Hair Contamination and Protective Clothing in Food Production

One of the biggest single causes of contamination in food production is hair.

hairnet

Hairnet

On average, a person will shed in the region of 150 hairs a day. Apply a little mental arithmetic to this and you’ll soon find that in a modest operation of 25 workers working eight hours a day, five days a week, there will be the total loss of 6,250 hairs in your food production plant per week. Or 250,000 hairs per month. Or 300,000 hairs per year (not including holidays or shift work).

Consider the fact that any single hair contamination carries with it the risk of compromising produce quality, and the importance of effective and reliable protective disposable clothing soon becomes apparent.

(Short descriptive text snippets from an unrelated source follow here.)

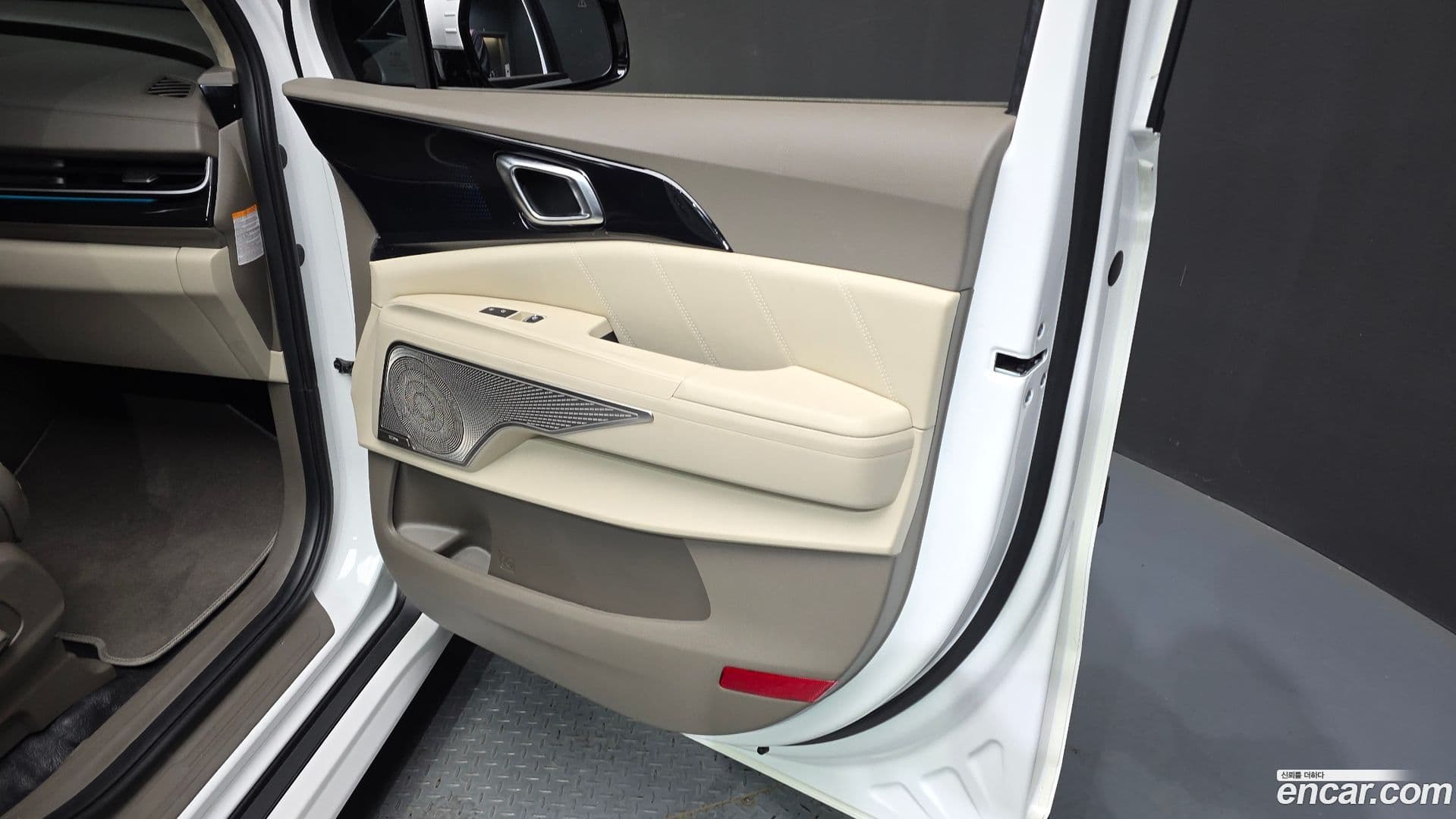 Main__Slider__Photo:Canival Kia 2024.4-24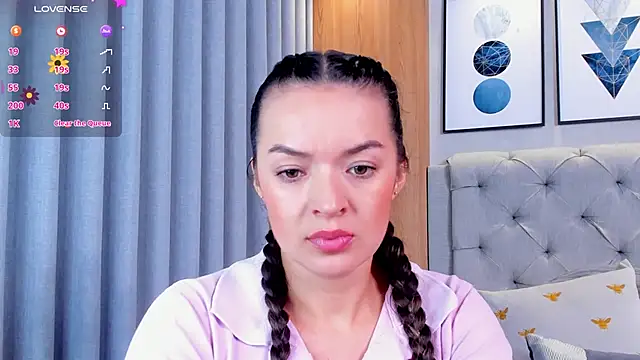 Snapshot of lennabell chatting on 09-23-25, 03:59 lennabell online show from 09-23-25, 03:59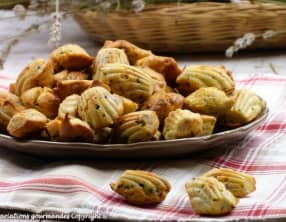 Madeleines salées, lardons, olives et thym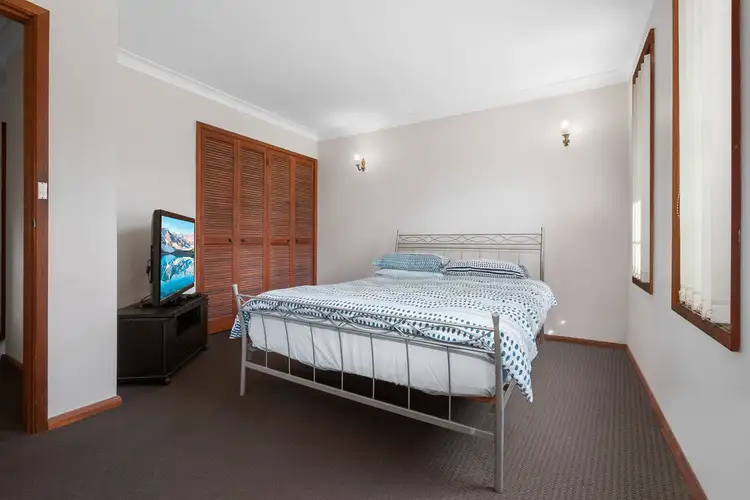 Fifth view of Homely house listing, 10 Lamont Place, South Windsor NSW 2756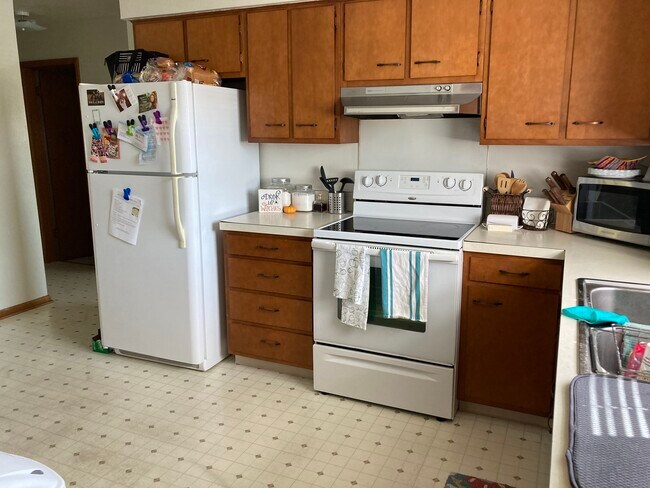 Kitchen - 1518 Starview Dr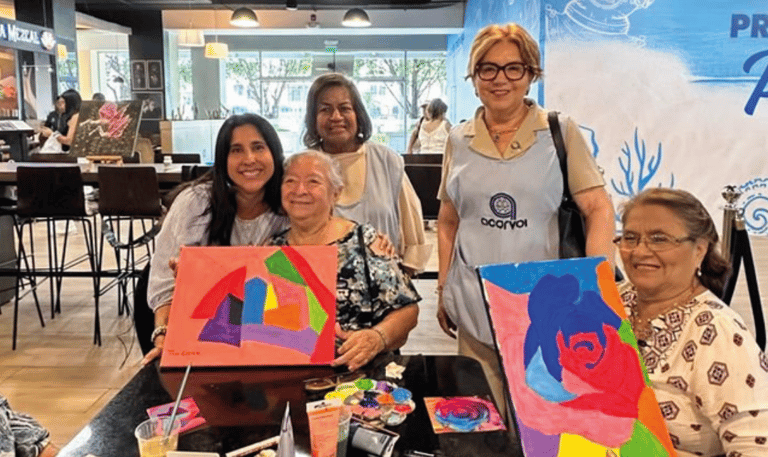 grupo de alumnas de arte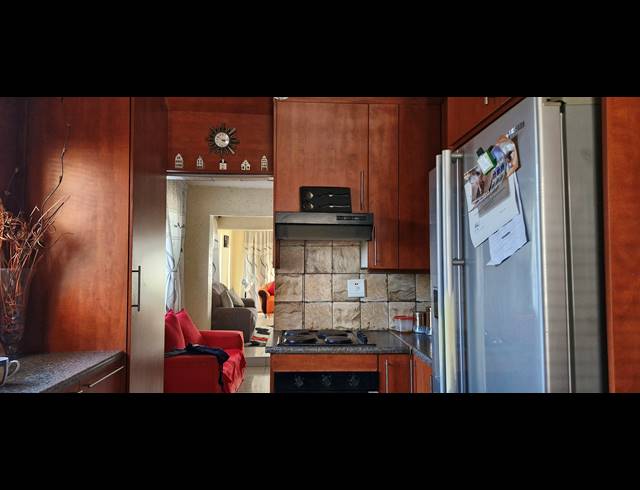 2 BEDROOM FREEHOLD FOR SALE IN MAMELODI EAST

After all, we’re not talking simply about the visible appearance or shock to a consumer who finds a hair in their soup or sandwich!

Take staphylococcus, for example. A gram-positive bacteria, present among the hairs of 25% of perfectly healthy people (more so among those carrying infections and illness), this bacteria spreads fast at room temperature to produce a toxin that can cause fever and abdominal cramps that may strike within 1 to 6 days and last for 48 hours.
The temptation then, while ensuring that all the correct rules and regulations are in place regarding the use of hair nets or bouffant caps, is to only really start strictly enforcing those rules for those with long hair. This is not enough.
While short hairs shed just as often as long hairs, they are far more difficult to detect, and for that reason in fact present a much higher risk of contamination.
With that being the case, it is of the utmost importance that any food production be carried out by personnel wearing protective coverings which have been carefully donned according to a strict procedure and in a specified changing area. But those garments aren’t just for the top of the head; beards shed hair on average 6 times more than head hair. Therefore, anyone with visible stubble should be expected to wear a protective beard snood also.
Despite the risk of contamination, with a carefully considered set of rules in place, a strict procedure for enforcing those rules, as well as appropriate protective garments and a specified area and process for changing, there is no reason why food production cannot be carried out confidently and safely.